Reputation: 588
I need to run lengthy and computationally intensive backtests in parallel. My backtests take an average of 8 hours to run and I need to run 30 of them. They all call the same function with different inputs. What I was able to find so far is the below piece of code that uses the foreach package.
require(foreach)
require(parallel)
require(doParallel)
cores = detectCores() #32
cl<-makeCluster(cores) #register cores
registerDoParallel(cl, cores = cores)
foreach (j=1:2) %dopar% {
if(j == 1)
{
get_backtestRUN(inputA)
}
if(j == 2)
{
get_backtestRUN(inputB)
}
}
My first question is more generic and I would like to know if the package above is the best way to solve my issue.
My second question relates to the use of additional computing power as I can only run 8 backtest in parallel on my local machine, there are plenty of options online and would like to have recommendations concerning the most R friendly way to proceed.

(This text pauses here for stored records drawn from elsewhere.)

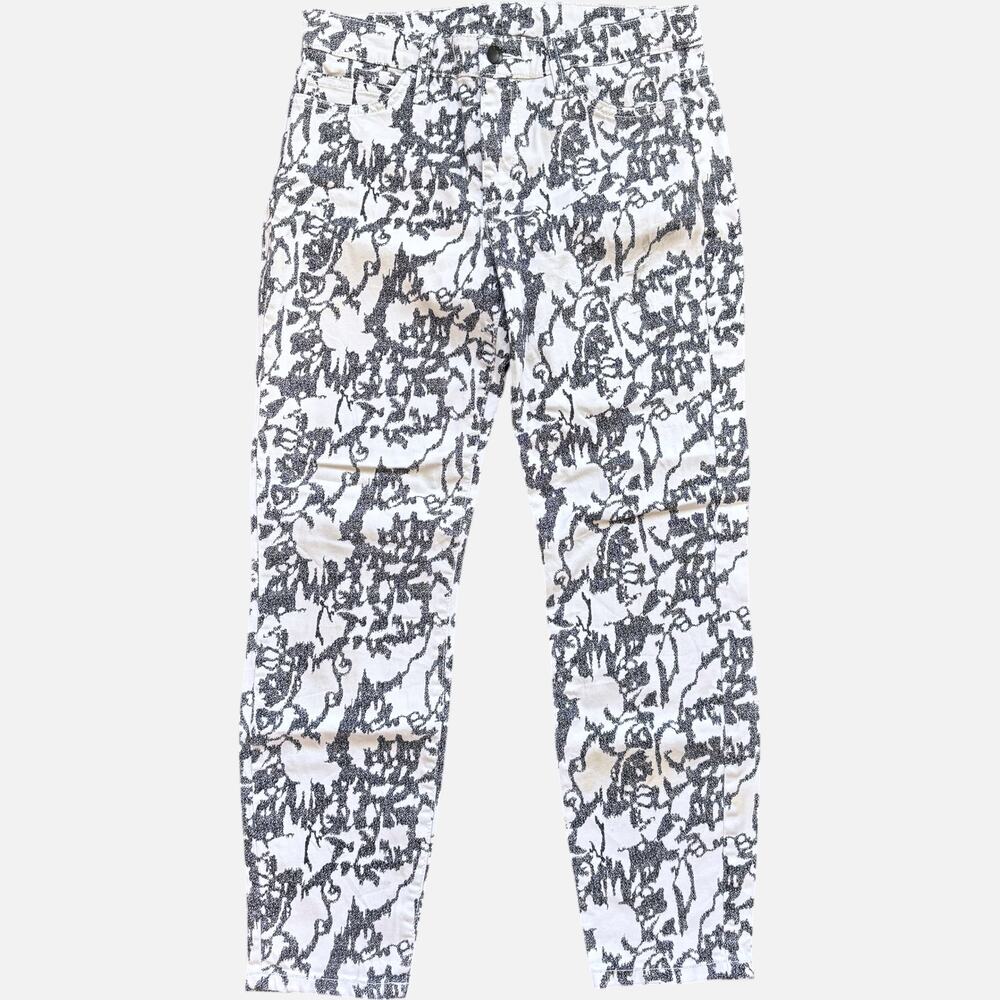 Joe's Jeans 29 Boho Floral Print Ankle Jeans White Black High Water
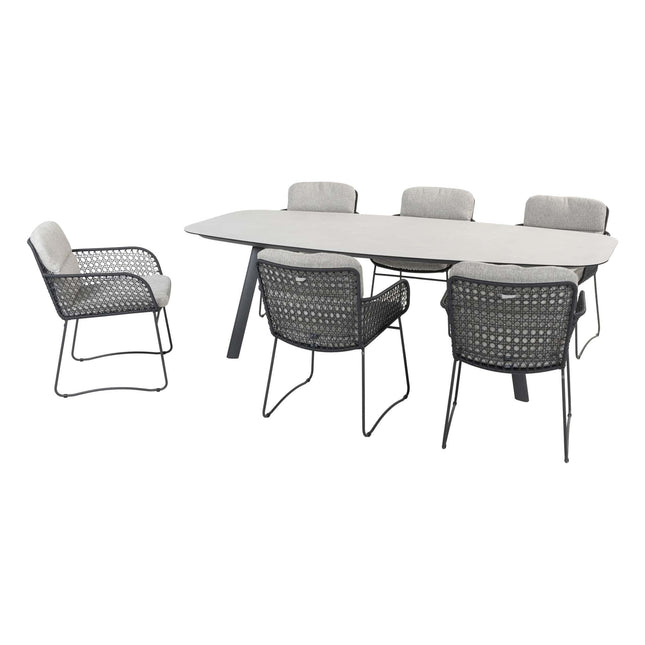 4 Seasons Outdoor Aprilla dining antraciet + Montana tafel barrel keramiek terrazzo 240 x 103 cm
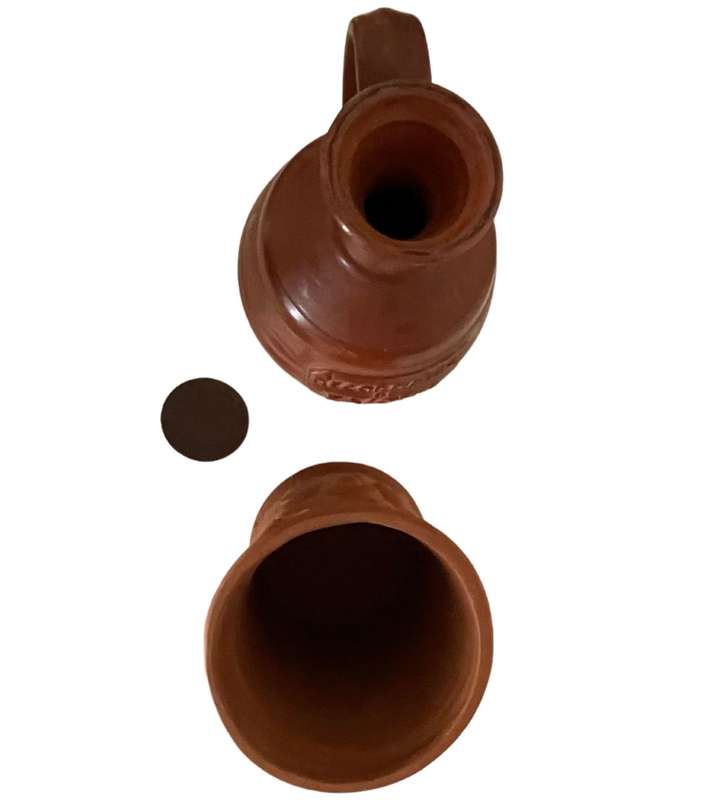 3-Piece Red Pottery Collection: Unglazed Holder, Portuguese Olive Oil Pitcher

Thanks for your help and time,
Upvotes: 2
Views: 185
Reputation: 588
This link answers my question pretty clearly:
https://www.r-bloggers.com/how-to-go-parallel-in-r-basics-tips/
Below the important part:
The idea behind the foreach package is to create ‘a hybrid of the standard for loop and lapply function’ and its ease of use has made it rather popular. The set-up is slightly different, you need “register” the cluster as below:
library(foreach)
library(doParallel)
cl<-makeCluster(no_cores)
registerDoParallel(cl)
Note that you can change the last two lines to:
registerDoParallel(no_cores)
But then you need to remember to instead of stopCluster() at the end do:
stopImplicitCluster()
The foreach function can be viewed as being a more controlled version of the parSapply that allows combining the results into a suitable format. By specifying the .combine argument we can choose how to combine our results, below is a vector, matrix, and a list example:
foreach(exponent = 2:4,
.combine = c) %dopar%
base^exponent
foreach(exponent = 2:4,
.combine = rbind) %dopar%
base^exponent
[,1]
result.1 4
result.2 8
result.3 16
foreach(exponent = 2:4,
.combine = list,
.multicombine = TRUE) %dopar%
base^exponent
[[1]]
[1] 4
[[2]]
[1] 8
[[3]]
[1] 16
Note that the last is the default and can be achieved without any tweaking, just foreach(exponent = 2:4) %dopar%. In the example it is worth noting the .multicombine argument that is needed to avoid a nested list. The nesting occurs due to the sequential .combine function calls, i.e. list(list(result.1, result.2), result.3):
foreach(exponent = 2:4,
.combine = list) %dopar%
base^exponent
[[1]]
[[1]][[1]]
[1] 4
[[1]][[2]]
[1] 8
[[2]]
[1] 16
Upvotes: 1